=== REQUIRED WORK ===
The answer should hold only the lines from the beginning of the listing below to the line containing "Independence Australia Condom", both included, with every picture left out.

=== LISTED ENTRIES ===
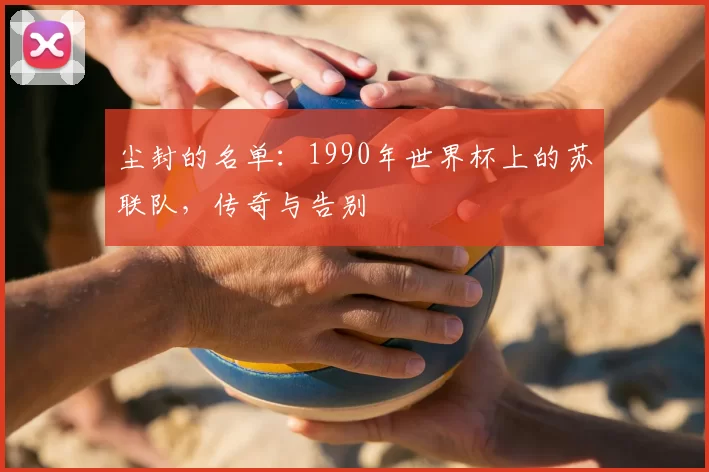 尘封的名单:1990年世界杯上的苏联队,传奇与告别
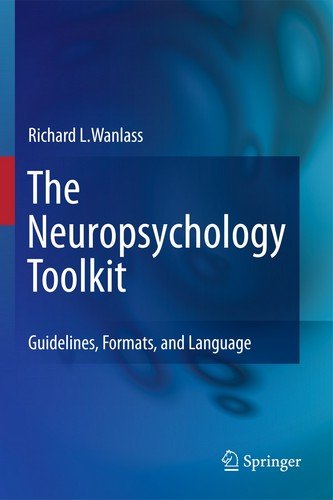 The Neuropsychology Toolkit Guidelines Formats And Language 2012th Edition Richard L Wanlass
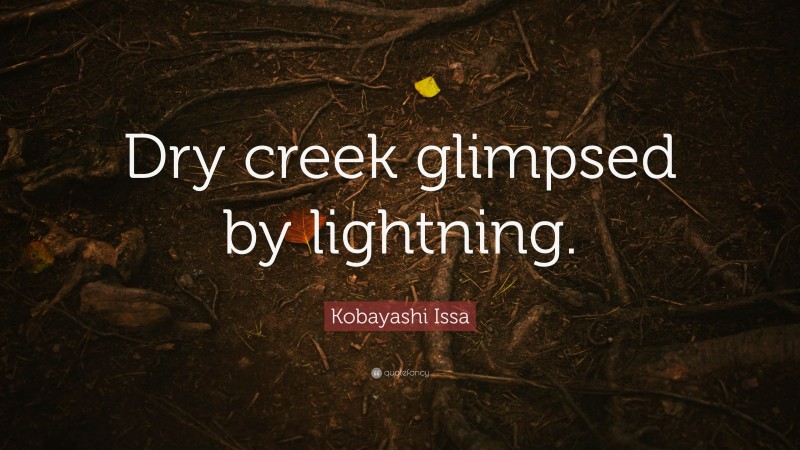 Kobayashi Issa Quote: “Dry creek glimpsed by lightning.”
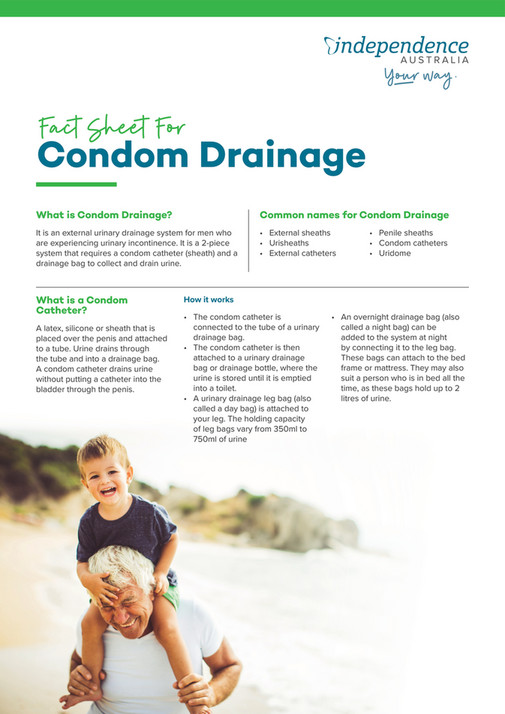 Independence Australia Condom Drainage Factsheet Page 1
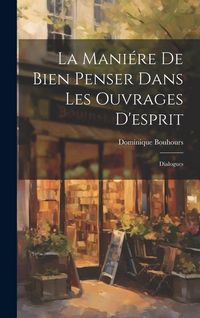 Produktbild: La Mani&eacute;re De Bien Penser Dans Les Ouvrages D'esprit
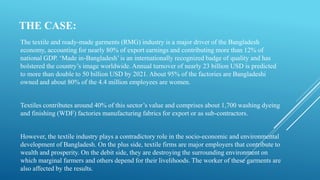 THE CASE:
The textile and ready-made garments (RMG) industry is a major driver of the Bangladesh
economy, accounting for nearly 80% of export earnings and contributing more than 12% of
national GDP. ‘Made in-Bangladesh’ is an internationally recognized badge of quality and has
bolstered the country’s image worldwide. Annual turnover of nearly 23 billion USD is predicted
to more than double to 50 billion USD by 2021. About 95% of the factories are Bangladeshi
owned and about 80% of the 4.4 million employees are women.
Textiles contributes around 40% of this sector’s value and comprises about 1,700 washing dyeing
and finishing (WDF) factories manufacturing fabrics for export or as sub-contractors.
However, the textile industry plays a contradictory role in the socio-economic and environmental
development of Bangladesh. On the plus side, textile firms are major employers that contribute to
wealth and prosperity. On the debit side, they are destroying the surrounding environment on
which marginal farmers and others depend for their livelihoods. The worker of these garments are
also affected by the results.
 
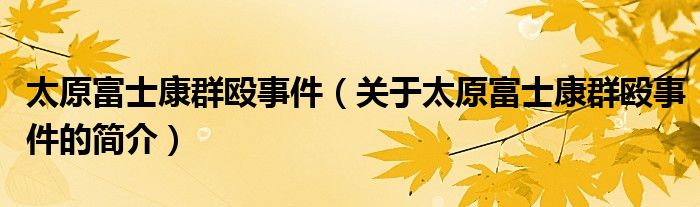 太原富士康群毆事件（關(guān)于太原富士康群毆事件的簡(jiǎn)介）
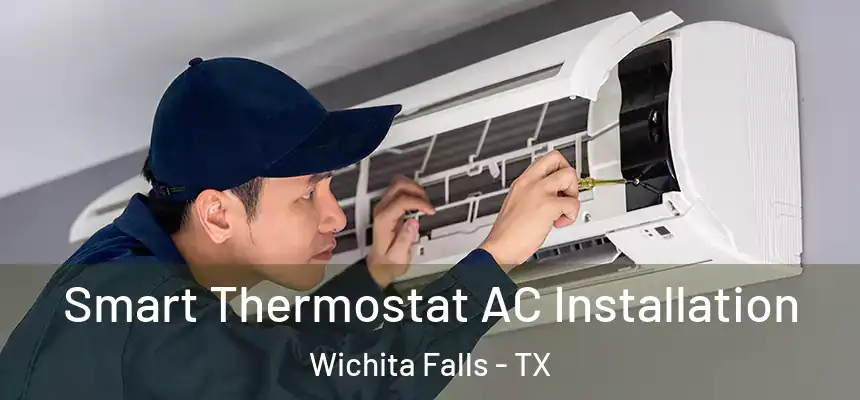  Smart Thermostat AC Installation Wichita Falls - TX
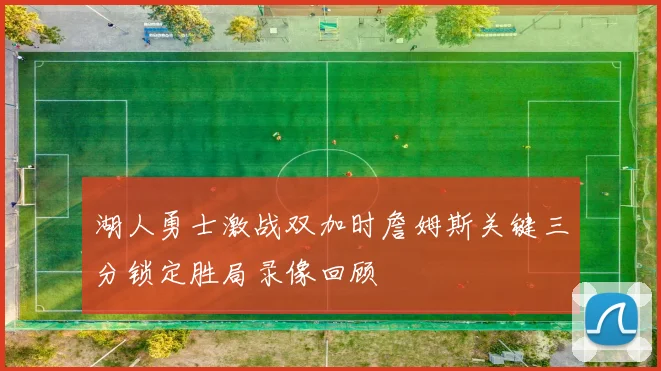 湖人勇士激战双加时詹姆斯关键三分锁定胜局录像回顾
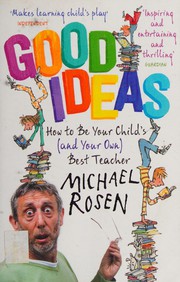 Cover of Good Ideas by Michael Rosen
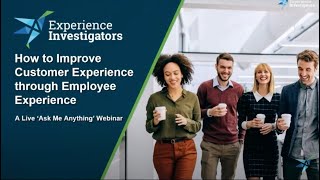 How to Improve Customer Experience through Employee Experience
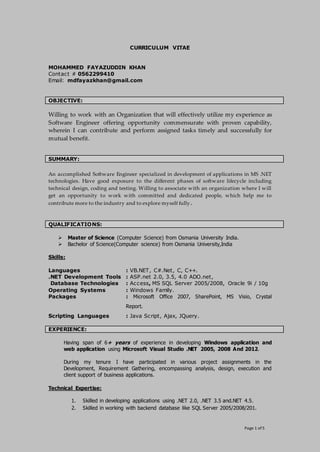 Page 1 of 5
CURRICULUM VITAE
MOHAMMED FAYAZUDDIN KHAN
Contact # 0562299410
Email: mdfayazkhan@gmail.com
OBJECTIVE:
Willing to work with an Organization that will effectively utilize my experience as
Software Engineer offering opportunity commensurate with proven capability,
wherein I can contribute and perform assigned tasks timely and successfully for
mutual benefit.
SUMMARY:
An accomplished Software Engineer specialized in development of applications in MS .NET
technologies. Have good exposure to the different phases of software lifecycle including
technical design, coding and testing. Willing to associate with an organization where I will
get an opportunity to work with committed and dedicated people, which help me to
contribute more to the industry and to explore myself fully.
QUALIFICATIONS:
 Master of Science (Computer Science) from Osmania University India.
 Bachelor of Science(Computer science) from Osmania University,India
Skills:
Languages : VB.NET, C#.Net, C, C++.
.NET Development Tools : ASP.net 2.0, 3.5, 4.0 ADO.net,
Database Technologies : Access, MS SQL Server 2005/2008, Oracle 9i / 10g
Operating Systems : Windows Family.
Packages : Microsoft Office 2007, SharePoint, MS Visio, Crystal
Report.
Scripting Languages : Java Script, Ajax, JQuery.
EXPERIENCE:
Having span of 6+ years of experience in developing Windows application and
web application using Microsoft Visual Studio .NET 2005, 2008 And 2012.
During my tenure I have participated in various project assignments in the
Development, Requirement Gathering, encompassing analysis, design, execution and
client support of business applications.
Technical Expertise:
1. Skilled in developing applications using .NET 2.0, .NET 3.5 and.NET 4.5.
2. Skilled in working with backend database like SQL Server 2005/2008/201.
 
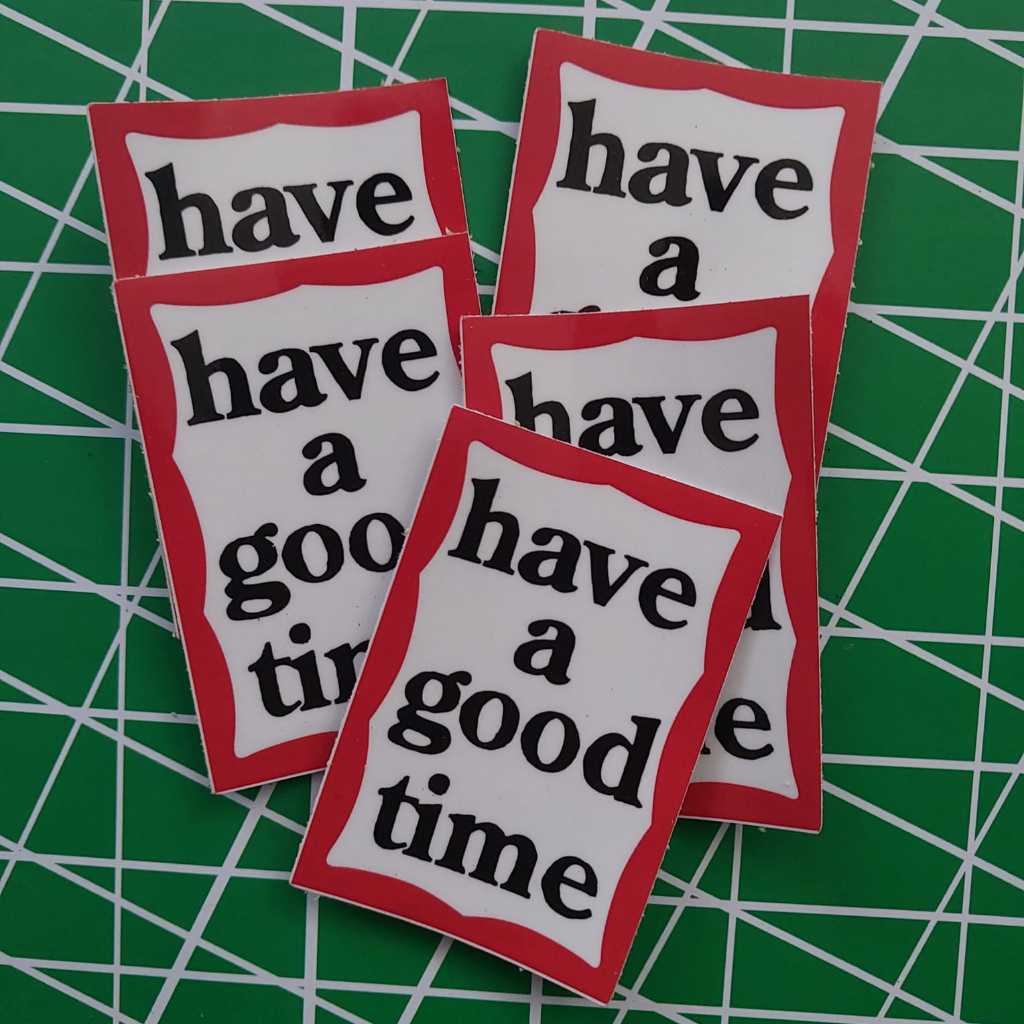 Stiker Have a Good Time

=== OUTPUT FOR THIS TASK ===
 尘封的名单:1990年世界杯上的苏联队,传奇与告别
 The Neuropsychology Toolkit Guidelines Formats And Language 2012th Edition Richard L Wanlass
 Kobayashi Issa Quote: “Dry creek glimpsed by lightning.”
 Independence Australia Condom Drainage Factsheet Page 1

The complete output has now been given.